The results presented above focus on optimal cluster configurations. Table 5 shows optimal configurations that focus on the entire chip where there is a chip area constraint  $A \leq 400$ mm<sup>2</sup>. The table shows the optimal configurations in terms of number of memory interfaces, m, and processors per memory channel, n. For all metrics and workloads, the overall throughput of such a system is also shown, which is determined by the complexity of the workload and the overall processing power  $(IPS/compl)$ . Note that the complexity for workload W2 is about 50 times higher than that of W1, which results in the large differences in throughput. Even within a workload, there are significant differences between applications. For workload W1 and  $IPS/A$ , the throughput varies from 0.299 Gbps for the TCP application to 19.3 Gbps for the DRR application. While header processing applications can achieve throughput rates of several gigabits per second, payload processing

applications have rates well under that for all performance metrics. This is consistent with the notion that these types of applications (e.g., encryption) often require special purpose coprocessors to achieve high throughput rates.

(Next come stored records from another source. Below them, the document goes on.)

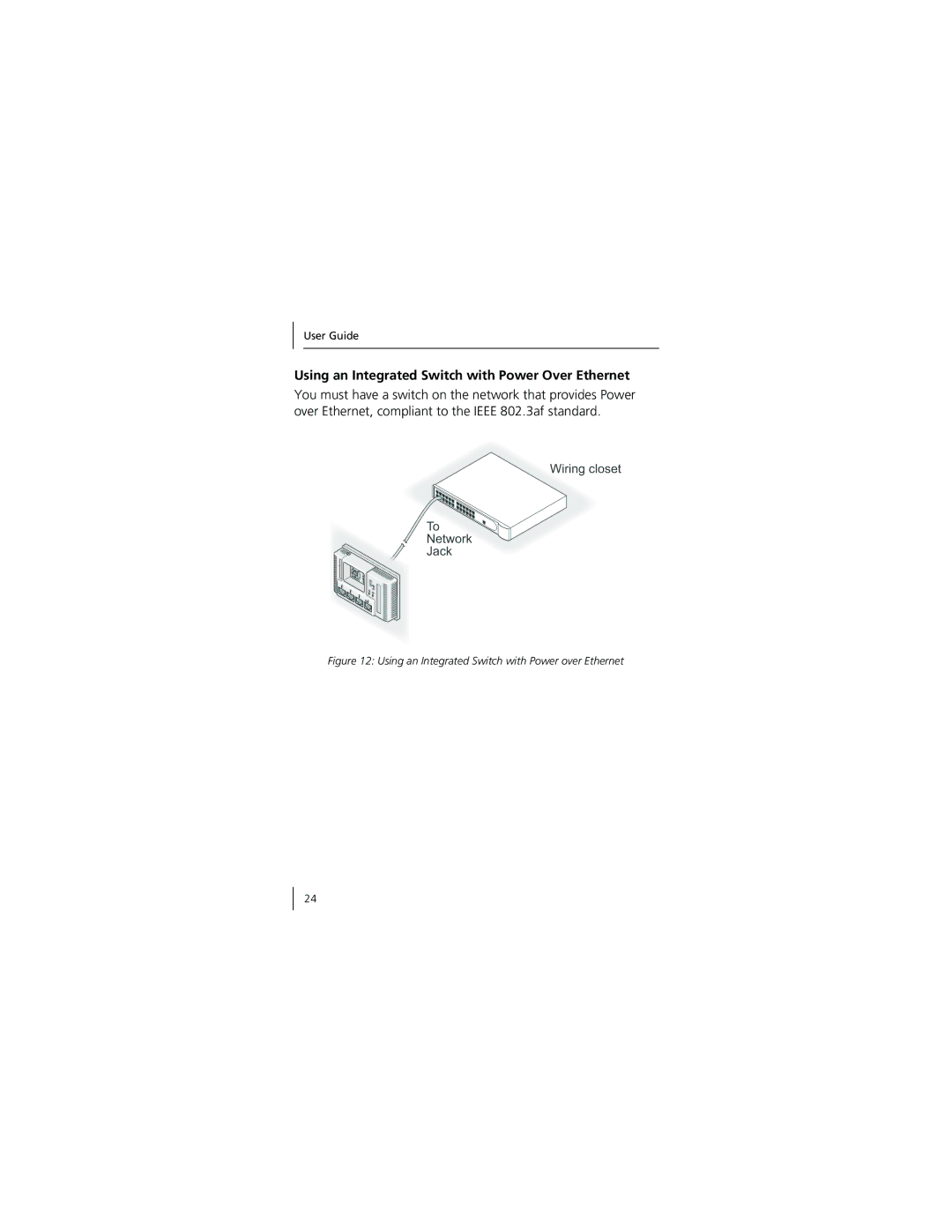 3Com 3CNJ95 manual Using an Integrated Switch with Power Over Ethernet, Using an Integrated Switch with Power over Ethernet 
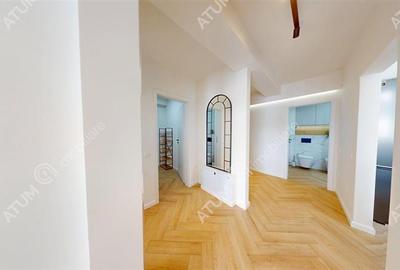 Penthouse 5 camere 3 bai parcare mobilat complet Turnisor Sibiu - 21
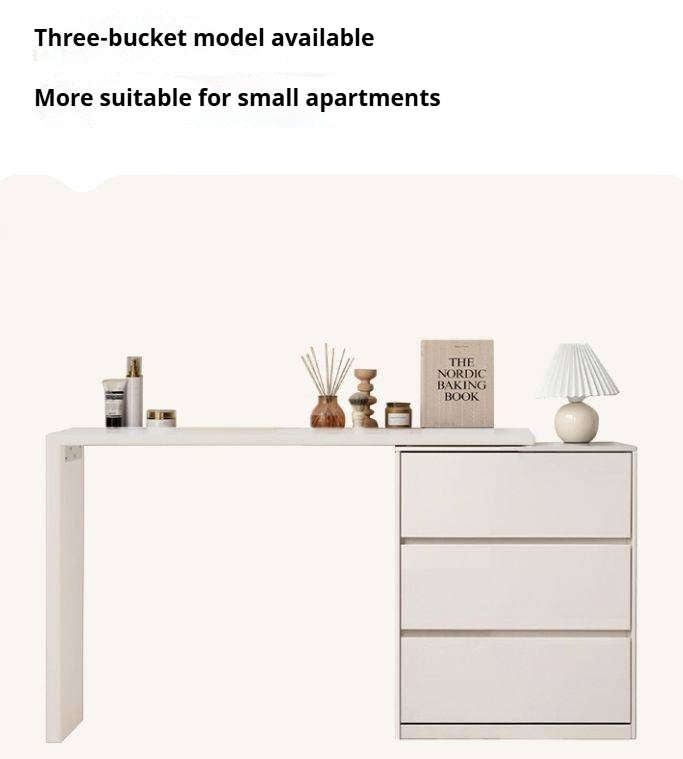 Poplar Solid Wood Makeup Table and Stretchable Dressing Table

For power-related metrics, the trends in Fig. 6 result in optimal configurations with only one processor per interface. This, however, yields a lower throughput than when optimizing for area only. On the other hand, power consumption for the area-optimized configuration is about twice as high as that for power-optimized configurations. The overall power consumption of the optimal configurations, 15 to 35 watts, is higher than current commercial systems, which consume on the order of 10W. This is due to commercial NPs using more advanced CMOS technologies with smaller feature and overall chip sizes (e.g., Intel IXP2400:  $.18 \mu m$ versus  $.35\mu$ m and  $1.3V$  versus  $2.5V$  [1]). The model and optimization results can be adapted to other CMOS technologies by using different power models (e.g., one that consider leakage current for  $.18 \mu m$  CMOS and below).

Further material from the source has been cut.